- **Task objective**: When a line in the entries contains the word "Case", copy that line in full.

- **Source records**:
=======
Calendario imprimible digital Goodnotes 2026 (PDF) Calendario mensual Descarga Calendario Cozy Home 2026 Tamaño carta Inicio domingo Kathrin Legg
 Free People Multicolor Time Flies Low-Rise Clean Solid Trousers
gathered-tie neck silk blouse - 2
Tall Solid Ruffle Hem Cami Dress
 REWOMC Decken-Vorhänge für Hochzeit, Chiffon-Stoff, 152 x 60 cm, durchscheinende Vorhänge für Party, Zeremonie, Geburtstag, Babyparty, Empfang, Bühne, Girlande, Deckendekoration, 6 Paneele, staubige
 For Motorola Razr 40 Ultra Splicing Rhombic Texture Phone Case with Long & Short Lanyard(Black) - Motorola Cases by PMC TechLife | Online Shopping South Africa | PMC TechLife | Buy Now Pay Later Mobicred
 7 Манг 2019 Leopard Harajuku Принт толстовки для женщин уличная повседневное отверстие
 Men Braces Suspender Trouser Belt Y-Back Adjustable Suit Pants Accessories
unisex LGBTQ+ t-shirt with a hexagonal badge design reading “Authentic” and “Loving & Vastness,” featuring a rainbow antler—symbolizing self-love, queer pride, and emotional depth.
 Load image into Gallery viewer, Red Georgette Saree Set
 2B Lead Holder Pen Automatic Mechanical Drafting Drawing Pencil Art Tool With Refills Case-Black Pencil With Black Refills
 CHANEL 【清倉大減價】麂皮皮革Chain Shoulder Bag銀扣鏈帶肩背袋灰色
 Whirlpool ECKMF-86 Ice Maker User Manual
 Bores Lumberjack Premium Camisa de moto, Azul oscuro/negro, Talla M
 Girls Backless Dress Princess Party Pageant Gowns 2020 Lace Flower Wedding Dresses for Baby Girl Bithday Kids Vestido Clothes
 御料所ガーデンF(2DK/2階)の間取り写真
=======
- **Exercise result**:
 For Motorola Razr 40 Ultra Splicing Rhombic Texture Phone Case with Long & Short Lanyard(Black) - Motorola Cases by PMC TechLife | Online Shopping South Africa | PMC TechLife | Buy Now Pay Later Mobicred
 2B Lead Holder Pen Automatic Mechanical Drafting Drawing Pencil Art Tool With Refills Case-Black Pencil With Black Refills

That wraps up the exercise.